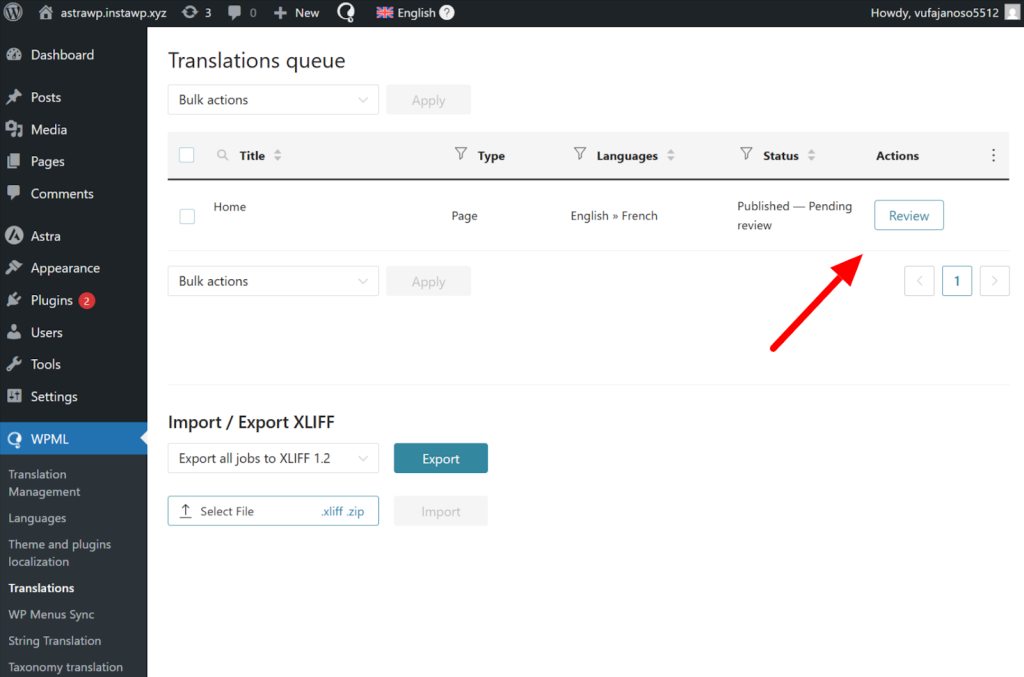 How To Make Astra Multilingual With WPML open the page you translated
==
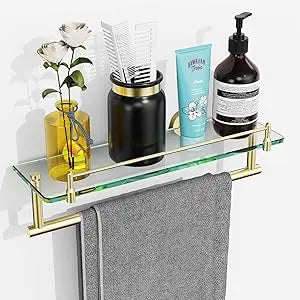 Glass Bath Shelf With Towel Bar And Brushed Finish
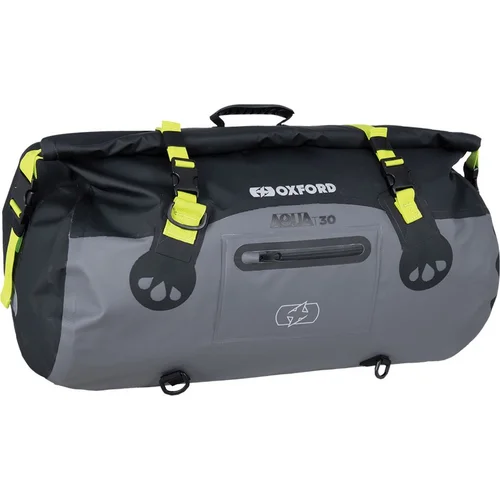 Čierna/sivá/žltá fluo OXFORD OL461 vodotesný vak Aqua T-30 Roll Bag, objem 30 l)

● WHAT IS REQUIRED: The answer is the lines of the material above, from the one containing "Glass Bath Shelf" down to the one containing "Čierna/sivá/žltá fluo OXFORD", given exactly and without images.

● THE ANSWER:
 Glass Bath Shelf With Towel Bar And Brushed Finish
 Čierna/sivá/žltá fluo OXFORD OL461 vodotesný vak Aqua T-30 Roll Bag, objem 30 l)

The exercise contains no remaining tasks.